**Activity**. This task calls for the lines below starting at the one containing "Shade Nets Dubai" and ending at the one containing "20250404_Macro and Dog Park_DSC_0358_.jpg", repeated exactly with both ends kept and pictures left out.

**Listed entries**.
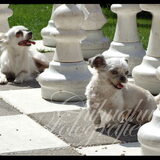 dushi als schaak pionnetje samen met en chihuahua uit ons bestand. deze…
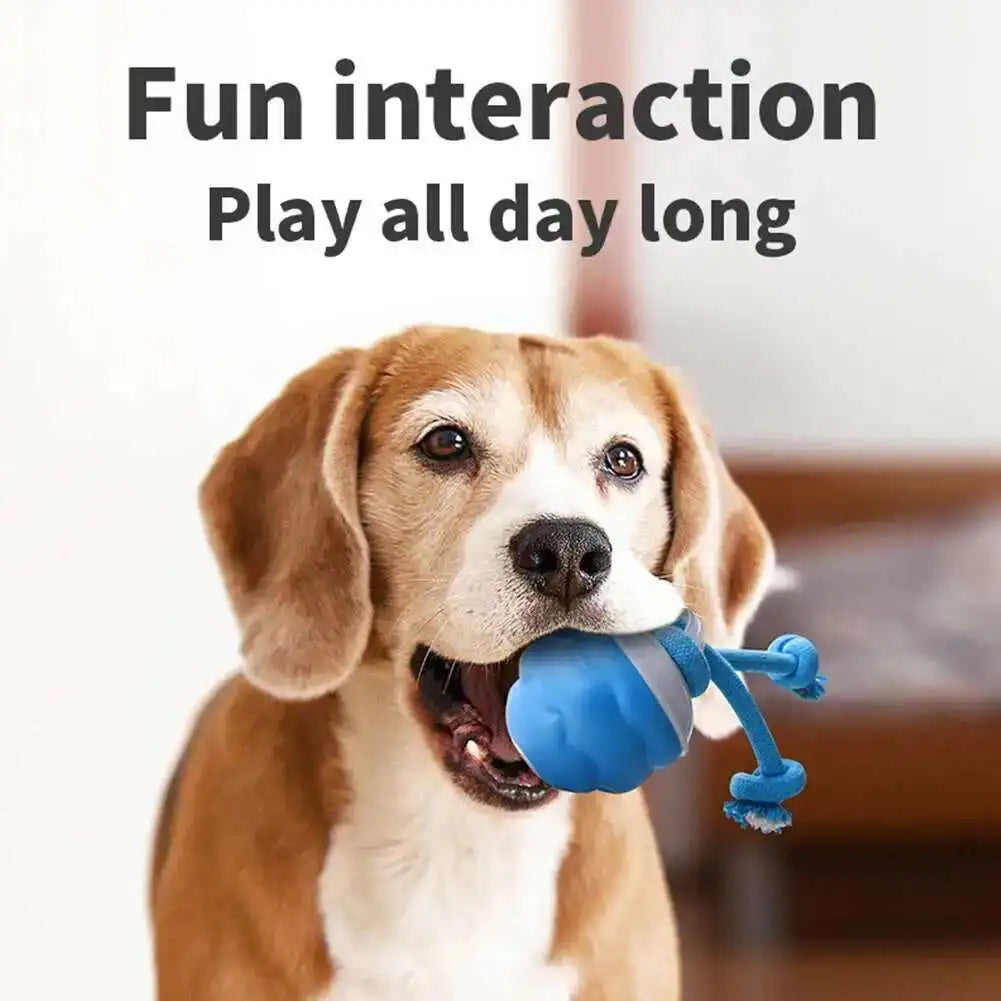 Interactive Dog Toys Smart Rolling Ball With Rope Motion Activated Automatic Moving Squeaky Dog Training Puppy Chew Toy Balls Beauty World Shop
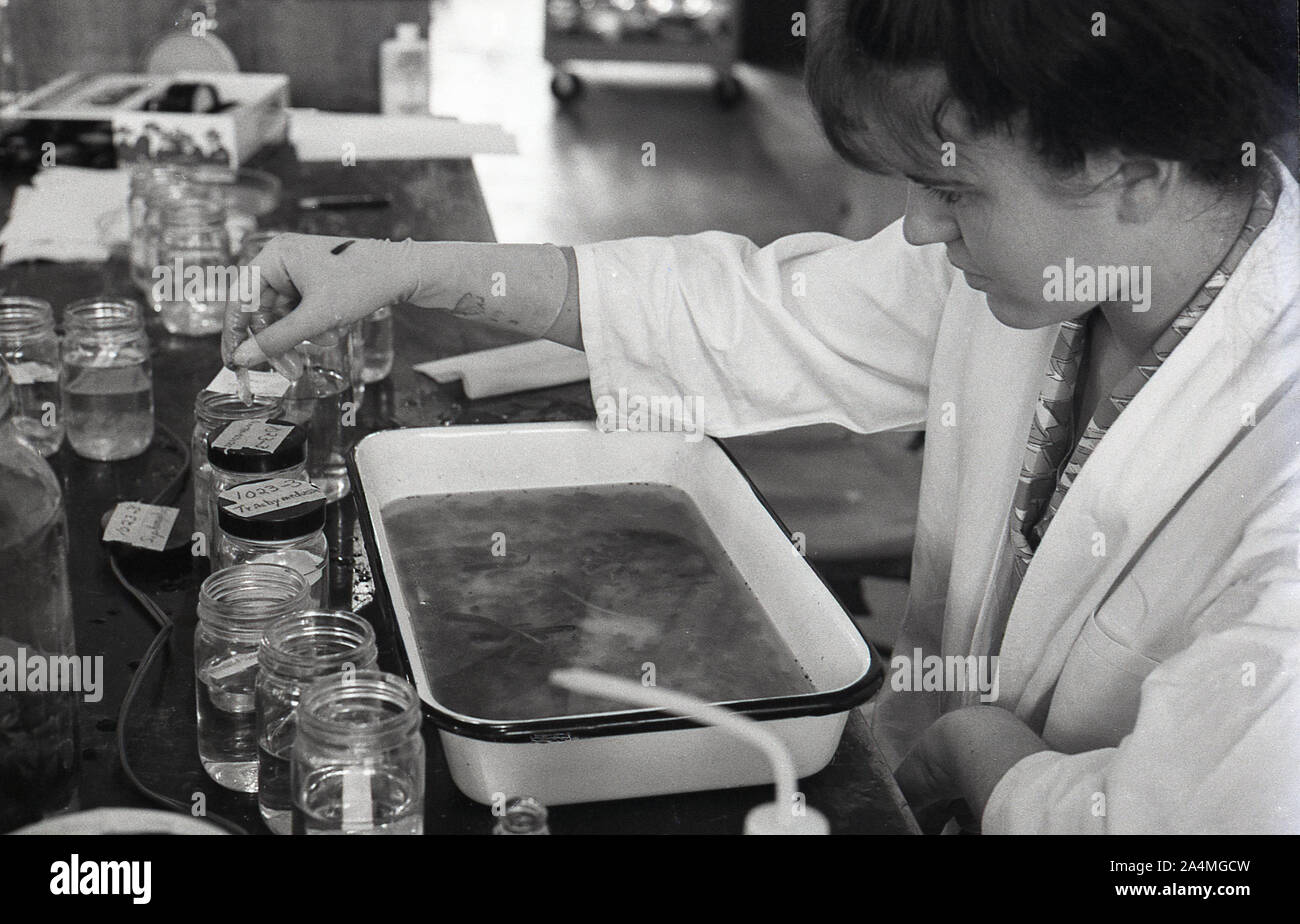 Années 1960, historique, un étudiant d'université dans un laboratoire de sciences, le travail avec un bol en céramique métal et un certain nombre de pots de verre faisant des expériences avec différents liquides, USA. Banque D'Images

* * *

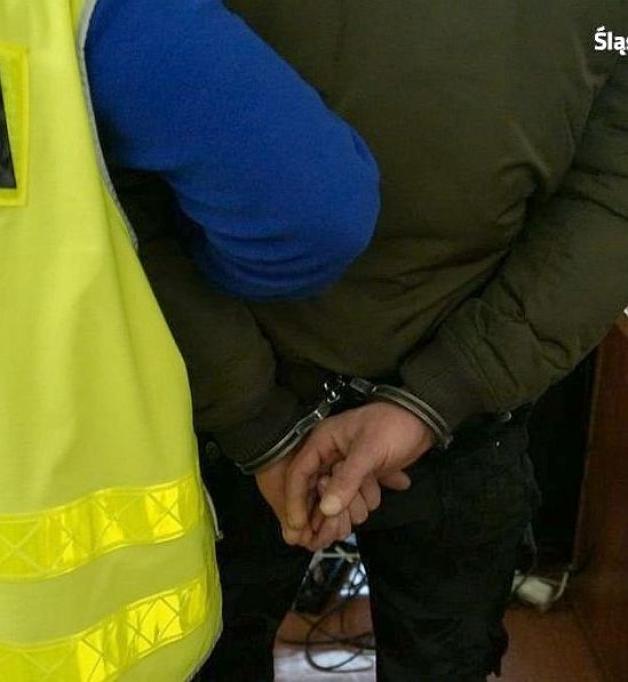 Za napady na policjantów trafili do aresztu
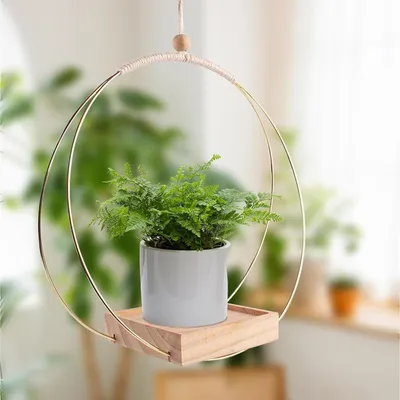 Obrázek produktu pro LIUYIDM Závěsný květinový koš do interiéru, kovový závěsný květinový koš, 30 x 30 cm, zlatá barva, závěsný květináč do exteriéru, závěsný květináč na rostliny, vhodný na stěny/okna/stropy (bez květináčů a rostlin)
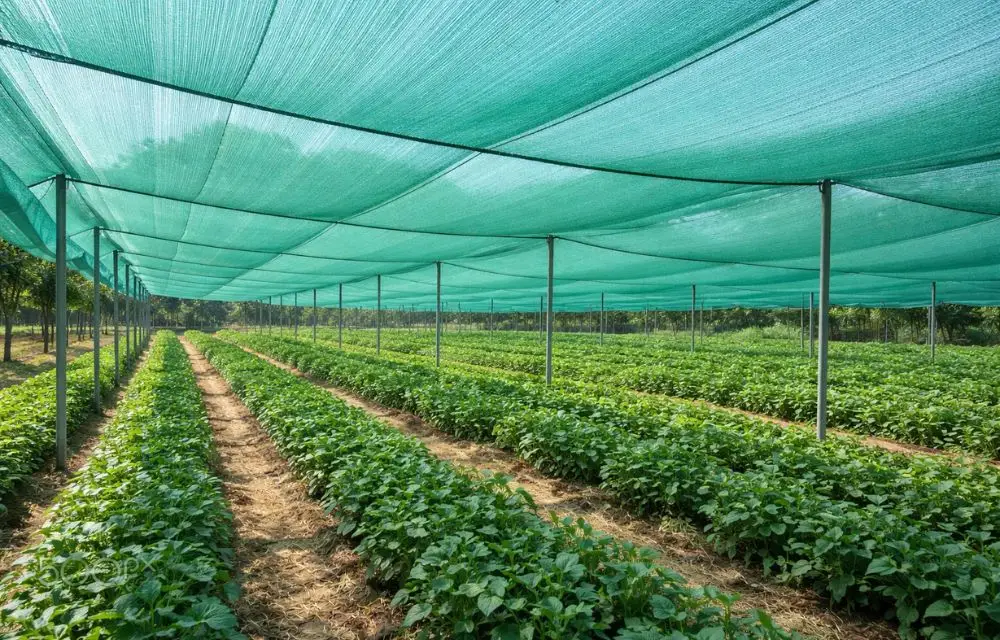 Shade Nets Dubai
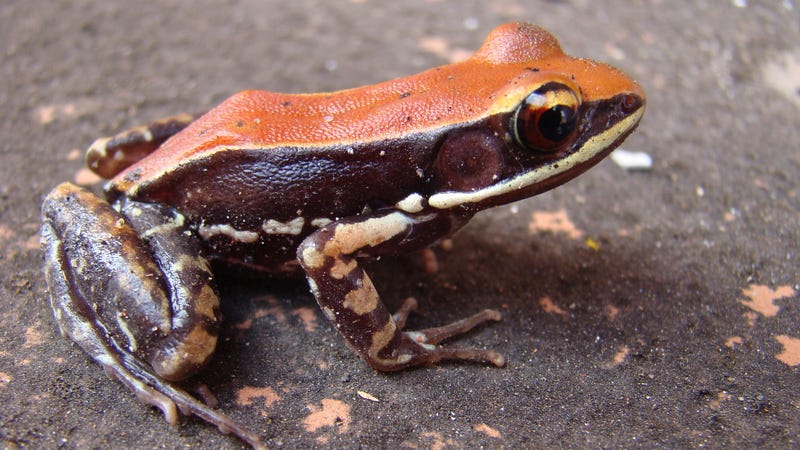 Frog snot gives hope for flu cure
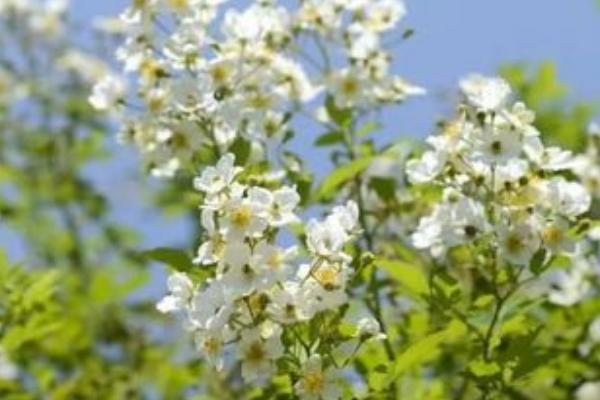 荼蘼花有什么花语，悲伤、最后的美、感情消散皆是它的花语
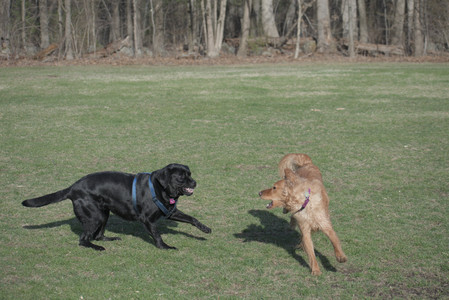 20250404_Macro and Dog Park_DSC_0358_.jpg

**Reply to the task**.
 Shade Nets Dubai
 Frog snot gives hope for flu cure
 荼蘼花有什么花语，悲伤、最后的美、感情消散皆是它的花语
 20250404_Macro and Dog Park_DSC_0358_.jpg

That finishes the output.